[Assignment] Your task is to output the data exactly as it stands.

++++++

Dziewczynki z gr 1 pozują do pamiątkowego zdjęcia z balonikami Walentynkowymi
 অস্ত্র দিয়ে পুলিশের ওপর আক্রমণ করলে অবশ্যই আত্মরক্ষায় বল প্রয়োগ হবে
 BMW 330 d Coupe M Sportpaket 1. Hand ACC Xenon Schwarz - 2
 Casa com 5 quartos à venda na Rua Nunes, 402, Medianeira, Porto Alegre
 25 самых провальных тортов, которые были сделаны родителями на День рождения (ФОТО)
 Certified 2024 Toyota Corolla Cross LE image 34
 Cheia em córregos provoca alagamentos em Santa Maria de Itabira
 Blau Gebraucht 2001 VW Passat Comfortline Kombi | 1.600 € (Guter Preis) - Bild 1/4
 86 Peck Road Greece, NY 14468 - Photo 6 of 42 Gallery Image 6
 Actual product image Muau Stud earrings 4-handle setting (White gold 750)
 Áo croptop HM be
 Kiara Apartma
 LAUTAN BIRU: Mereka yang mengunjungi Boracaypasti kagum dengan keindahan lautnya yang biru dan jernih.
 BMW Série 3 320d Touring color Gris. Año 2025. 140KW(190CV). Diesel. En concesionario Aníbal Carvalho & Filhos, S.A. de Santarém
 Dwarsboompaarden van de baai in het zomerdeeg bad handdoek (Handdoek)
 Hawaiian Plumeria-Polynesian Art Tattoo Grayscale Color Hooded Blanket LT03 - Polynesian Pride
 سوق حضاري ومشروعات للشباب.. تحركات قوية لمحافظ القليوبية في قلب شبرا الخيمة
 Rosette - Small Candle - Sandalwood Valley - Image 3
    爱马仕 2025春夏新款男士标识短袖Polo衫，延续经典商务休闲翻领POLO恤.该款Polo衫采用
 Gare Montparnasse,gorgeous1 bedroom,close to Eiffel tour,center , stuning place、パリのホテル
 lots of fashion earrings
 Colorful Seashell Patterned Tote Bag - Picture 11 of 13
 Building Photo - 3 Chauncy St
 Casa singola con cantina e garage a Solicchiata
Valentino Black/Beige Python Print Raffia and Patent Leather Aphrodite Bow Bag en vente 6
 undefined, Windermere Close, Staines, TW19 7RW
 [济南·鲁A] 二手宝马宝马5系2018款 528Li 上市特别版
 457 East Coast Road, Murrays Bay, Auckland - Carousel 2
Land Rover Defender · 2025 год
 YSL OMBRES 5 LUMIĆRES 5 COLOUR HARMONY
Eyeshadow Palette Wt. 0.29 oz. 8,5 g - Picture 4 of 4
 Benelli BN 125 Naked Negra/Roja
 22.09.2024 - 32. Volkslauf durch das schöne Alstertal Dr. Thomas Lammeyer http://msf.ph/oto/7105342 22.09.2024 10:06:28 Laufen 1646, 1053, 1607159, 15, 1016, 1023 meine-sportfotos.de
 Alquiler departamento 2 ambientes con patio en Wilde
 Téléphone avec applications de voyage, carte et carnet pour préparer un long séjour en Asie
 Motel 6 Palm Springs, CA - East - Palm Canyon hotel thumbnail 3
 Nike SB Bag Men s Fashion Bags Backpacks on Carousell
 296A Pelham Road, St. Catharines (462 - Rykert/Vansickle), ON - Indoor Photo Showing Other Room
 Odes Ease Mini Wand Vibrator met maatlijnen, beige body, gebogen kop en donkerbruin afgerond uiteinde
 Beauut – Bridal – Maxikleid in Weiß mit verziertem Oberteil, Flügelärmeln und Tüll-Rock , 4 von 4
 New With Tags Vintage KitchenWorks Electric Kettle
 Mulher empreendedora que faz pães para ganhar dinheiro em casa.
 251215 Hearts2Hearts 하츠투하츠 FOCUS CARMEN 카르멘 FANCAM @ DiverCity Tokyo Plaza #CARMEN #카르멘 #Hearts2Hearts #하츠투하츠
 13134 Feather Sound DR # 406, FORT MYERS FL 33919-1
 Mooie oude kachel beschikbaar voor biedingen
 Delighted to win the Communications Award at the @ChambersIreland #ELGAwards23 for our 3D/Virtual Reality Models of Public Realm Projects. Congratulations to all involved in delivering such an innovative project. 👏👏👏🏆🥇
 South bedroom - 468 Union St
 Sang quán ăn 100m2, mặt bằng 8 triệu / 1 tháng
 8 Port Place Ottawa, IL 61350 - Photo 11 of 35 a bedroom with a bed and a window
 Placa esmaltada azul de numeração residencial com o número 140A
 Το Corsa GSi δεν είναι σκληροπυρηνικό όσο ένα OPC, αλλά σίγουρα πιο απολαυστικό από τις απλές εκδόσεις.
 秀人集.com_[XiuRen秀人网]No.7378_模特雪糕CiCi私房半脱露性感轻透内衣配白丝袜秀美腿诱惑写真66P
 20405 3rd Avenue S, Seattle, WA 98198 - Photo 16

++++++

[The completed task]
Dziewczynki z gr 1 pozują do pamiątkowego zdjęcia z balonikami Walentynkowymi
 অস্ত্র দিয়ে পুলিশের ওপর আক্রমণ করলে অবশ্যই আত্মরক্ষায় বল প্রয়োগ হবে
 BMW 330 d Coupe M Sportpaket 1. Hand ACC Xenon Schwarz - 2
 Casa com 5 quartos à venda na Rua Nunes, 402, Medianeira, Porto Alegre
 25 самых провальных тортов, которые были сделаны родителями на День рождения (ФОТО)
 Certified 2024 Toyota Corolla Cross LE image 34
 Cheia em córregos provoca alagamentos em Santa Maria de Itabira
 Blau Gebraucht 2001 VW Passat Comfortline Kombi | 1.600 € (Guter Preis) - Bild 1/4
 86 Peck Road Greece, NY 14468 - Photo 6 of 42 Gallery Image 6
 Actual product image Muau Stud earrings 4-handle setting (White gold 750)
 Áo croptop HM be
 Kiara Apartma
 LAUTAN BIRU: Mereka yang mengunjungi Boracaypasti kagum dengan keindahan lautnya yang biru dan jernih.
 BMW Série 3 320d Touring color Gris. Año 2025. 140KW(190CV). Diesel. En concesionario Aníbal Carvalho & Filhos, S.A. de Santarém
 Dwarsboompaarden van de baai in het zomerdeeg bad handdoek (Handdoek)
 Hawaiian Plumeria-Polynesian Art Tattoo Grayscale Color Hooded Blanket LT03 - Polynesian Pride
 سوق حضاري ومشروعات للشباب.. تحركات قوية لمحافظ القليوبية في قلب شبرا الخيمة
 Rosette - Small Candle - Sandalwood Valley - Image 3
    爱马仕 2025春夏新款男士标识短袖Polo衫，延续经典商务休闲翻领POLO恤.该款Polo衫采用
 Gare Montparnasse,gorgeous1 bedroom,close to Eiffel tour,center , stuning place、パリのホテル
 lots of fashion earrings
 Colorful Seashell Patterned Tote Bag - Picture 11 of 13
 Building Photo - 3 Chauncy St
 Casa singola con cantina e garage a Solicchiata
Valentino Black/Beige Python Print Raffia and Patent Leather Aphrodite Bow Bag en vente 6
 undefined, Windermere Close, Staines, TW19 7RW
 [济南·鲁A] 二手宝马宝马5系2018款 528Li 上市特别版
 457 East Coast Road, Murrays Bay, Auckland - Carousel 2
Land Rover Defender · 2025 год
 YSL OMBRES 5 LUMIĆRES 5 COLOUR HARMONY
Eyeshadow Palette Wt. 0.29 oz. 8,5 g - Picture 4 of 4
 Benelli BN 125 Naked Negra/Roja
 22.09.2024 - 32. Volkslauf durch das schöne Alstertal Dr. Thomas Lammeyer http://msf.ph/oto/7105342 22.09.2024 10:06:28 Laufen 1646, 1053, 1607159, 15, 1016, 1023 meine-sportfotos.de
 Alquiler departamento 2 ambientes con patio en Wilde
 Téléphone avec applications de voyage, carte et carnet pour préparer un long séjour en Asie
 Motel 6 Palm Springs, CA - East - Palm Canyon hotel thumbnail 3
 Nike SB Bag Men s Fashion Bags Backpacks on Carousell
 296A Pelham Road, St. Catharines (462 - Rykert/Vansickle), ON - Indoor Photo Showing Other Room
 Odes Ease Mini Wand Vibrator met maatlijnen, beige body, gebogen kop en donkerbruin afgerond uiteinde
 Beauut – Bridal – Maxikleid in Weiß mit verziertem Oberteil, Flügelärmeln und Tüll-Rock , 4 von 4
 New With Tags Vintage KitchenWorks Electric Kettle
 Mulher empreendedora que faz pães para ganhar dinheiro em casa.
 251215 Hearts2Hearts 하츠투하츠 FOCUS CARMEN 카르멘 FANCAM @ DiverCity Tokyo Plaza #CARMEN #카르멘 #Hearts2Hearts #하츠투하츠
 13134 Feather Sound DR # 406, FORT MYERS FL 33919-1
 Mooie oude kachel beschikbaar voor biedingen
 Delighted to win the Communications Award at the @ChambersIreland #ELGAwards23 for our 3D/Virtual Reality Models of Public Realm Projects. Congratulations to all involved in delivering such an innovative project. 👏👏👏🏆🥇
 South bedroom - 468 Union St
 Sang quán ăn 100m2, mặt bằng 8 triệu / 1 tháng
 8 Port Place Ottawa, IL 61350 - Photo 11 of 35 a bedroom with a bed and a window
 Placa esmaltada azul de numeração residencial com o número 140A
 Το Corsa GSi δεν είναι σκληροπυρηνικό όσο ένα OPC, αλλά σίγουρα πιο απολαυστικό από τις απλές εκδόσεις.
 秀人集.com_[XiuRen秀人网]No.7378_模特雪糕CiCi私房半脱露性感轻透内衣配白丝袜秀美腿诱惑写真66P
 20405 3rd Avenue S, Seattle, WA 98198 - Photo 16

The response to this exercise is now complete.